In Louisville the first targets of this postwar movement were city-operated facilities such as parks and libraries, both of which were integrated gradually in the decade after World War II. Local activists also worked with like-minded citizens around the Commonwealth in an Interracial Hospital Movement for the opening of publicly-funded medical facilities to African Americans, which was achieved in 1952. The height of this phase of the local movement was the 1956 peaceful integration of the Louisville public schools. Although in many respects a token step toward true equality in education, the successful break-down of segregation in schools emboldened local people to make a broader attack on racism.
The Civil Rights Movement, 1945-1970: Side 2
The local movement grew in the 1960s, beginning when mass sit-ins by Louisville teenagers in Spring 1961 created a community crisis that helped to unseat the Board of Alderman. Two more years of demonstrations and negotiations pushed the city finally in May 1963 to adopt a civil rights ordinance forbidding discrimination by race in public accommodations, the first such law in a southern state. Riding on the momentum of that victory, the Louisville Board of Aldermen adopted an ordinance forbidding discrimination in employment in 1965. The movement against residential segregation was met with more resistance, when in Spring 1967 mobs of whites verbally and physically attacked nightly demonstrations for equal opportunity in housing. Despite the vocal opposition, civil rights advocates used the vote to elect a new Board of Aldermen, who in December 1967 adopted a fair housing ordinance. This triumph in policy outlawed housing discrimination, but did not end its practice.

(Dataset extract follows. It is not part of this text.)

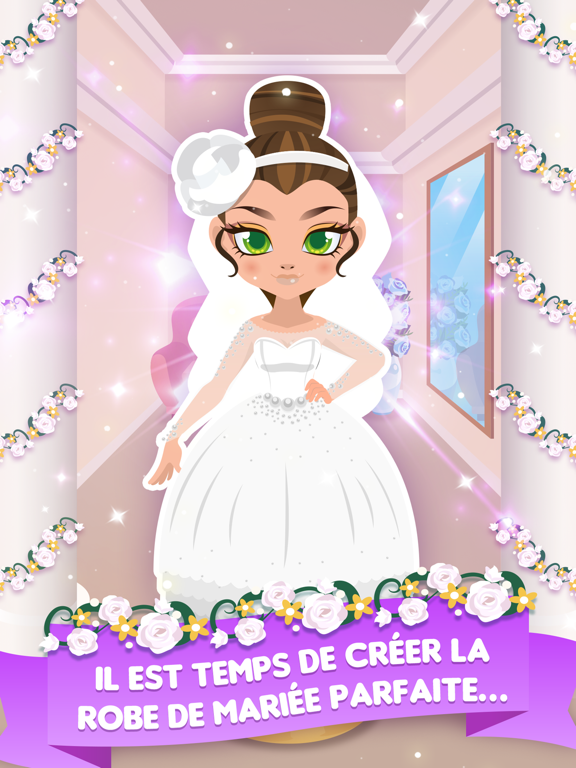 Screenshot #4 pour Wedding Dress Designer - Jeu de Robe de Mariée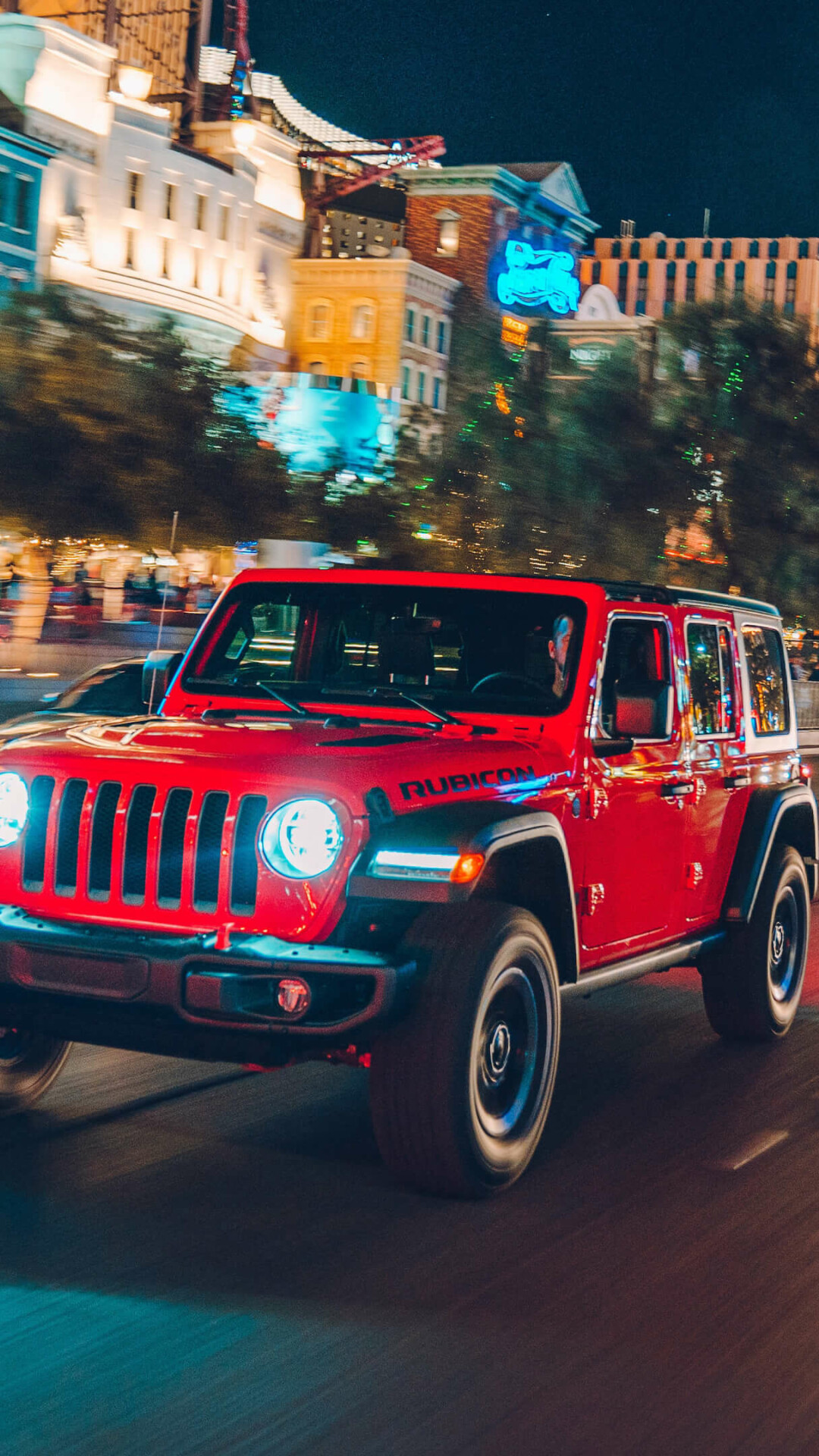 Jeep Wrangler, Striking background wallpaper, 5K Ultra HD, 1080x1920 Full HD Phone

Disillusioned with the inadequate enforcement of civil rights laws and the persistent violence met by mass nonviolent direct action, young African American Louisvillians turned their attention to community empowerment and embraced the Black Power movement. In the mid-1960s local activists used community organizing through the War on Poverty to unite black and poor neighborhoods to fight their powerlessness and demand equal access to resources. Many black power organizations saw the promotion of black history, arts and culture as means for both fostering interracial understanding and empowering the African American community through self-knowledge and self-respect. The most important examples of that emphasis were the local black arts movement and the Black Student Union at the University of Louisville. In 1969 the latter presented a series of demands for increased black faculty, courses, mentoring, and outreach to the community. When the University administration failed to respond to these demands, the BSU launched a sit-in “takeover” of the administration building. In the short term, the confrontation led to the expulsion of some leaders of the BSU, but in the long run it laid the seeds for enhanced scholarly attention at the University to the history, culture, and needs of African Americans and the eventual founding of the Pan African Studies Department.